Stored data
::::

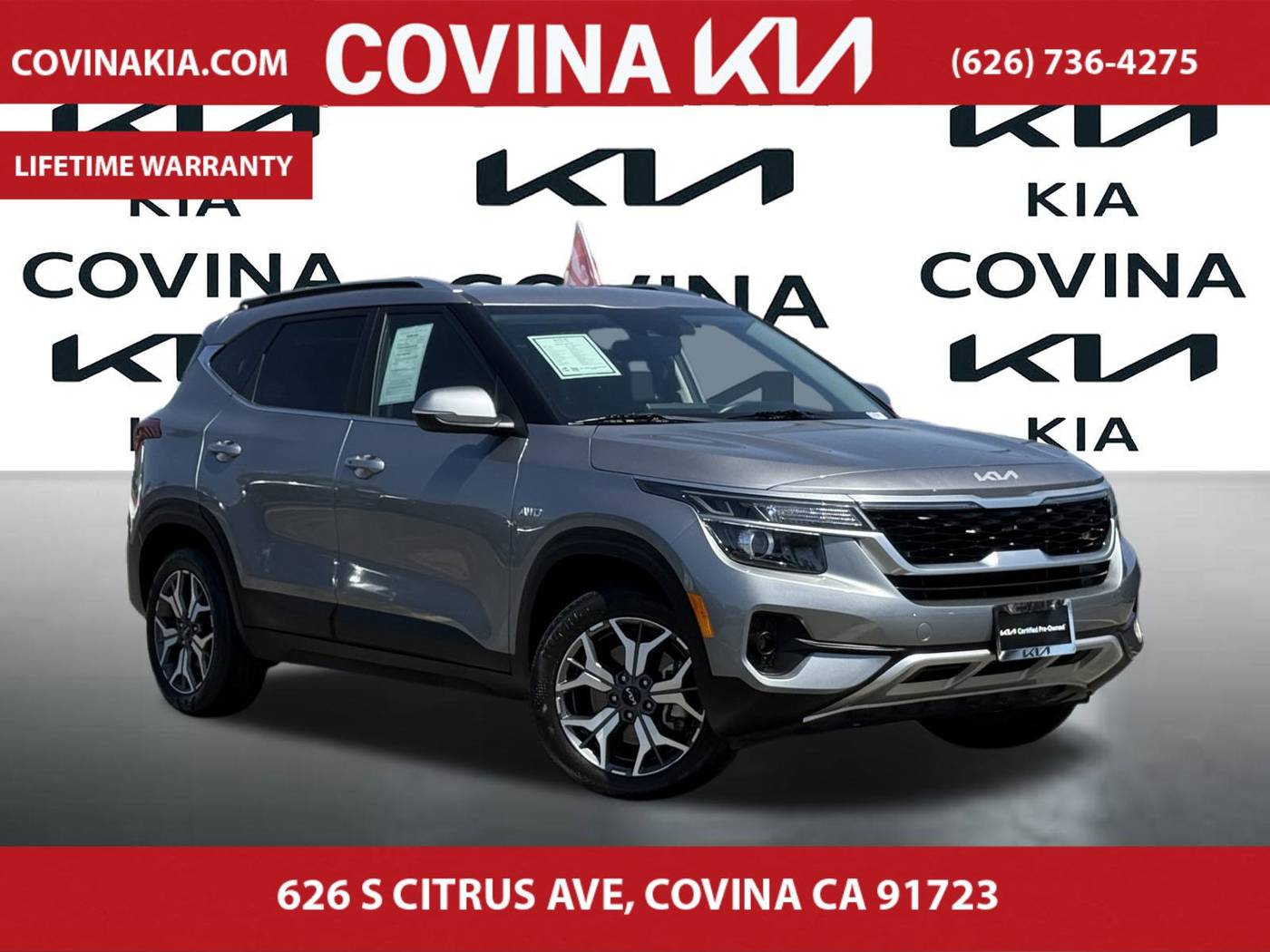 2022 Kia Seltos EX — SUV — 38,575 mi — Covina, CA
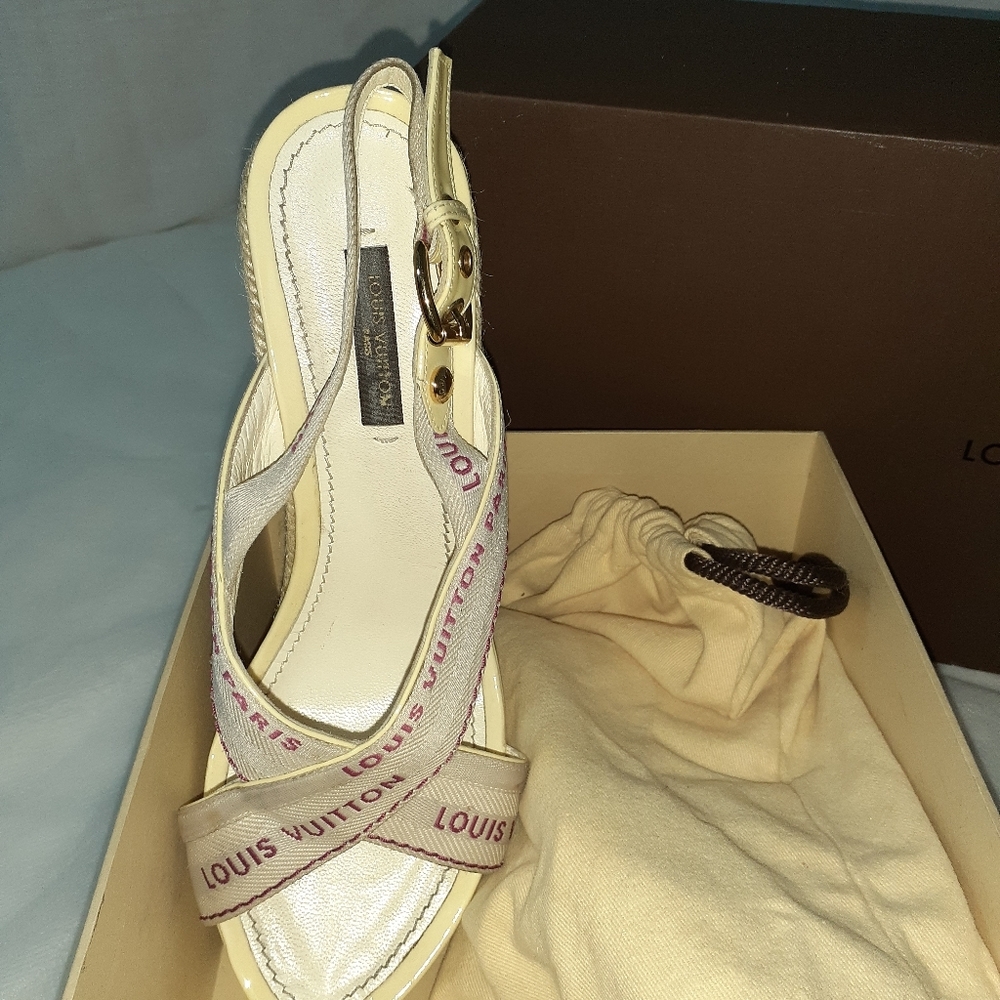 Louis Vuitton Wedge Heels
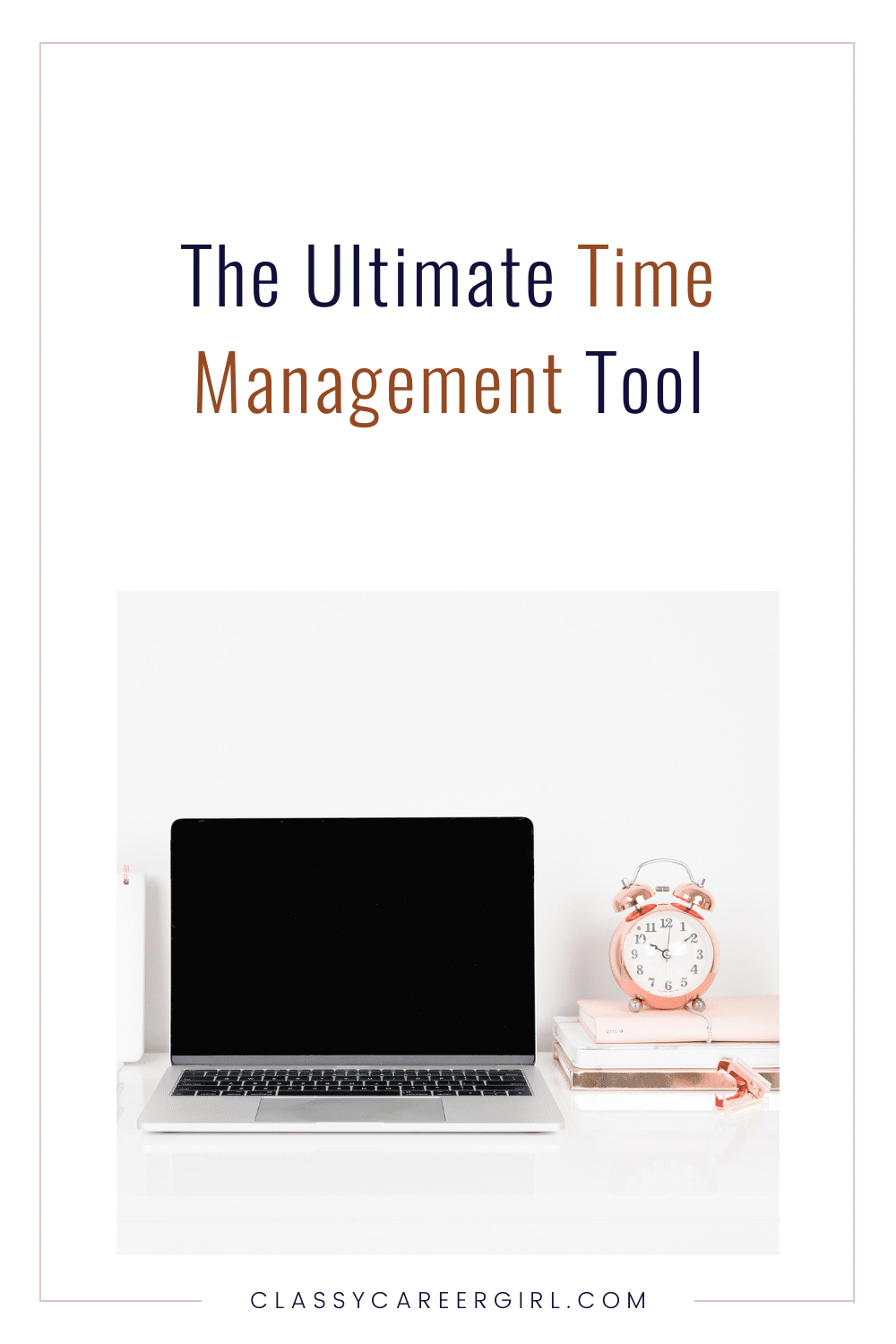 CCG Pin - The Ultimate Time Management Tool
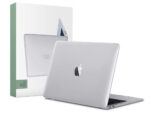 Husă pentru laptop Tech Protect Smartshell Macbook Air 13 (2018-2020), 13.3", Policarbonat, Crystal Clear - Image 5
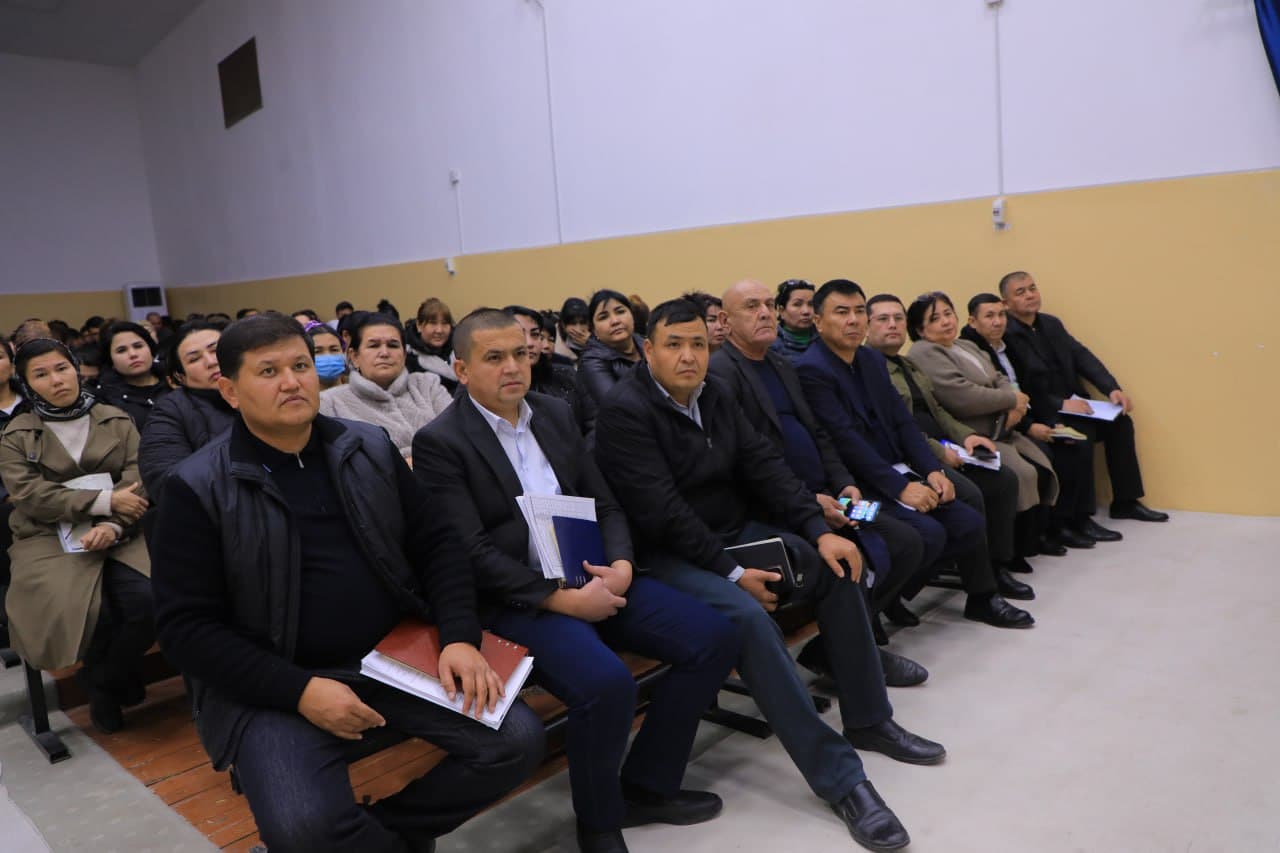 Xatlov bo'yicha oʻquv seminar tashkil etildi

::::

▸ Exercise directions:
Any pictures above are to be left out. Retype the rest of the records exactly.

▸ Answer to the exercise:
 2022 Kia Seltos EX — SUV — 38,575 mi — Covina, CA
 Louis Vuitton Wedge Heels
 CCG Pin - The Ultimate Time Management Tool
 Husă pentru laptop Tech Protect Smartshell Macbook Air 13 (2018-2020), 13.3", Policarbonat, Crystal Clear - Image 5
 Xatlov bo'yicha oʻquv seminar tashkil etildi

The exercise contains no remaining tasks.